# [SOURCE RECORDS]
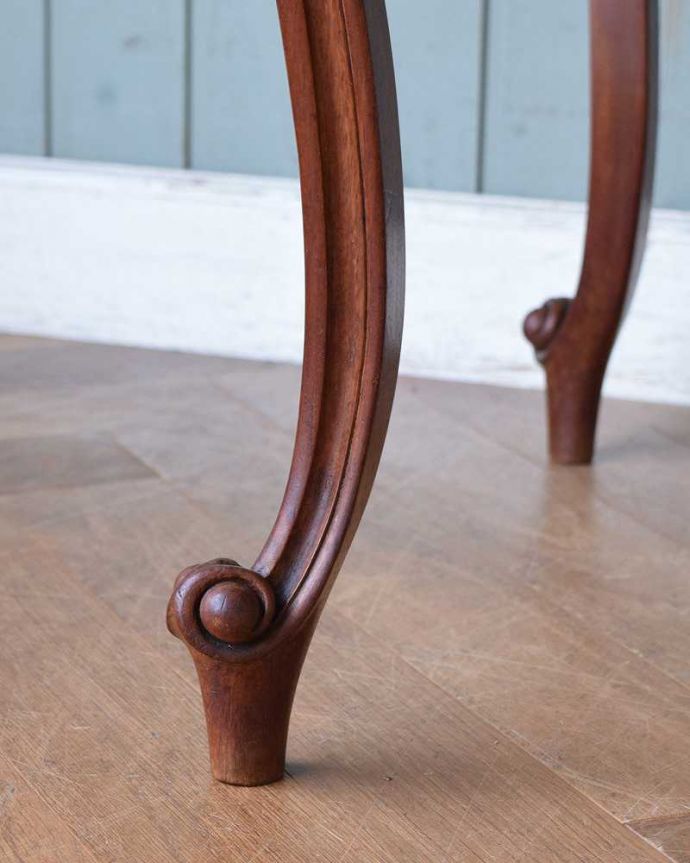 アンティークのテーブル　アンティーク家具　うっとりする美しい脚線美のアンティーク、フランスらしい優雅なティーテーブル。持ち上げなくても移動できます！Handleのアンティークは、脚の裏にフェルトキーパーをお付けしていますので、床を滑らせてれば移動が簡単です。(j-2120-f)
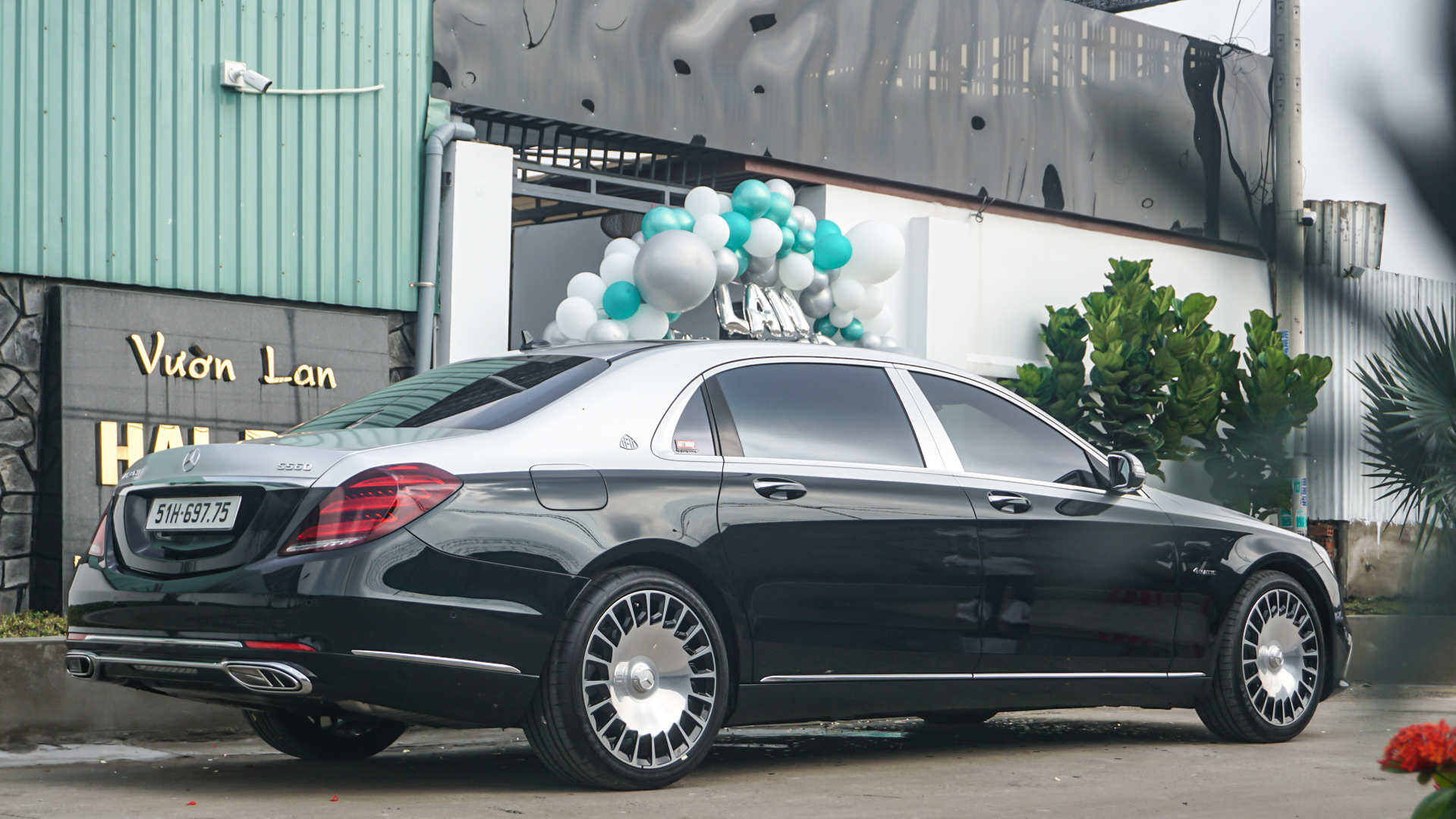 CHO THUÊ XE MAYBACH S560 ĐỜI MỚI UY TÍN TẠI HÀ NỘI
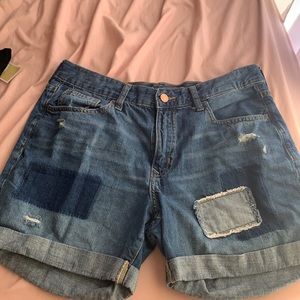 Old Navy Boyfriend denim shorts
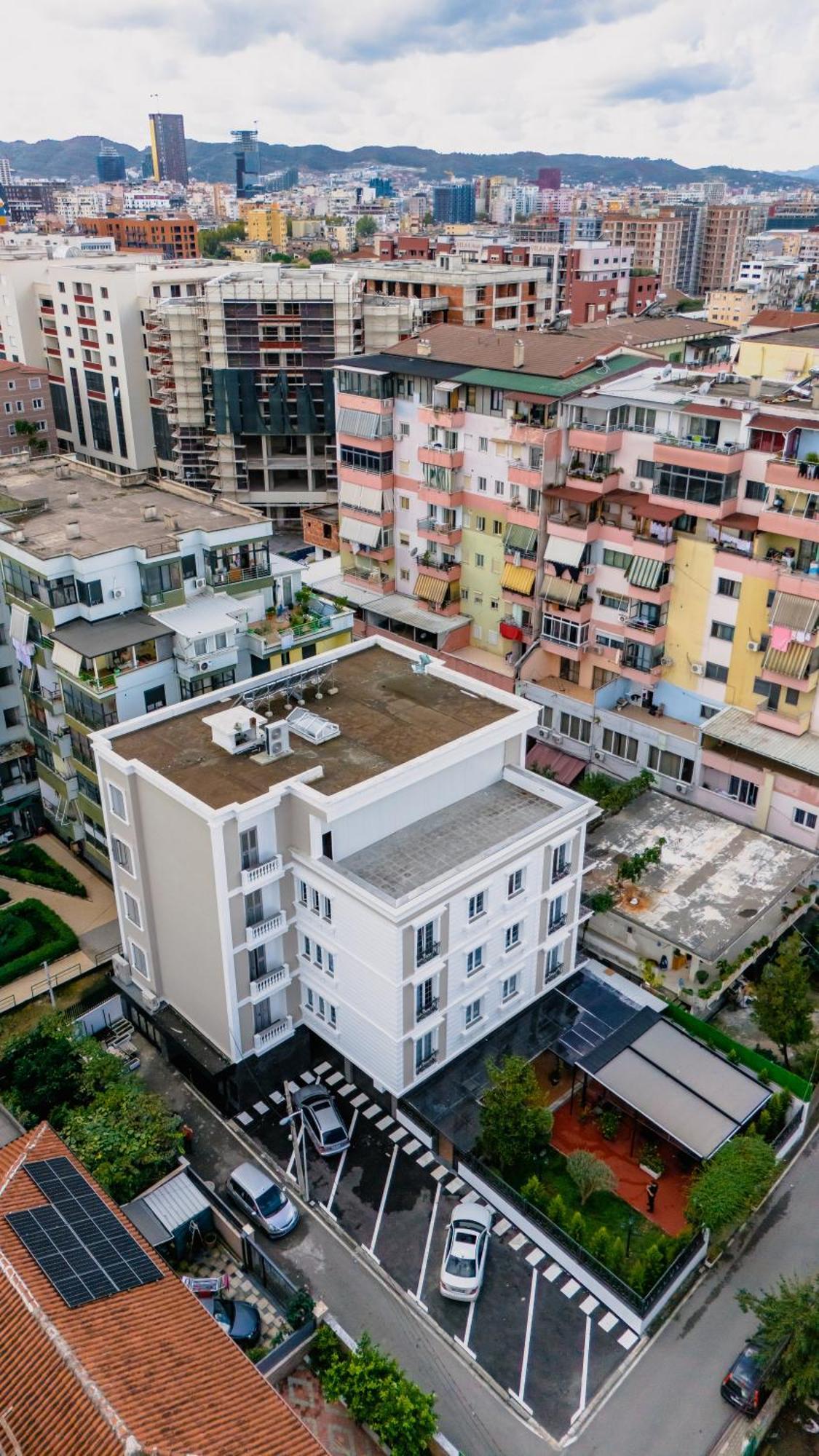 Oxygen Boutique Hotel Tirana Exterior photo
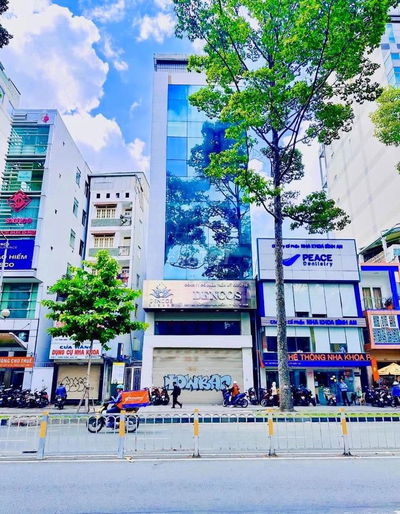 Cho thuê tòa nhà đường Trần Hưng Đạo, phường Cầu Kho, Quận 1.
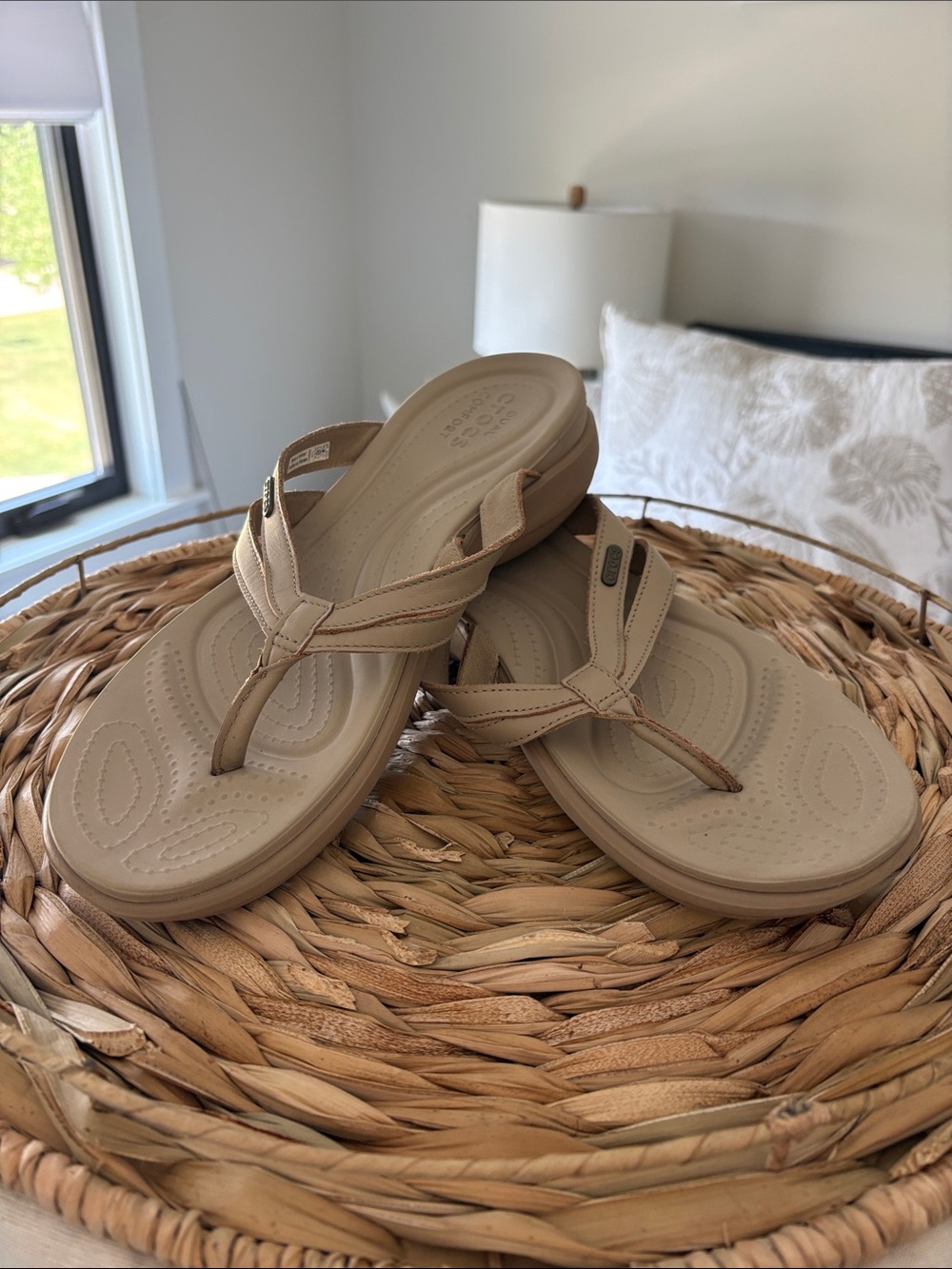 CROCS Women's Tan Beige Flip Flop Sandals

# [WHAT IS BEING ASKED]
Everything from the line with "CHO THUÊ XE" through the end of the records is to be repeated exactly. The pictures are not.

# [WRITTEN ANSWER]
 CHO THUÊ XE MAYBACH S560 ĐỜI MỚI UY TÍN TẠI HÀ NỘI
 Old Navy Boyfriend denim shorts
 Oxygen Boutique Hotel Tirana Exterior photo
 Cho thuê tòa nhà đường Trần Hưng Đạo, phường Cầu Kho, Quận 1.
 CROCS Women's Tan Beige Flip Flop Sandals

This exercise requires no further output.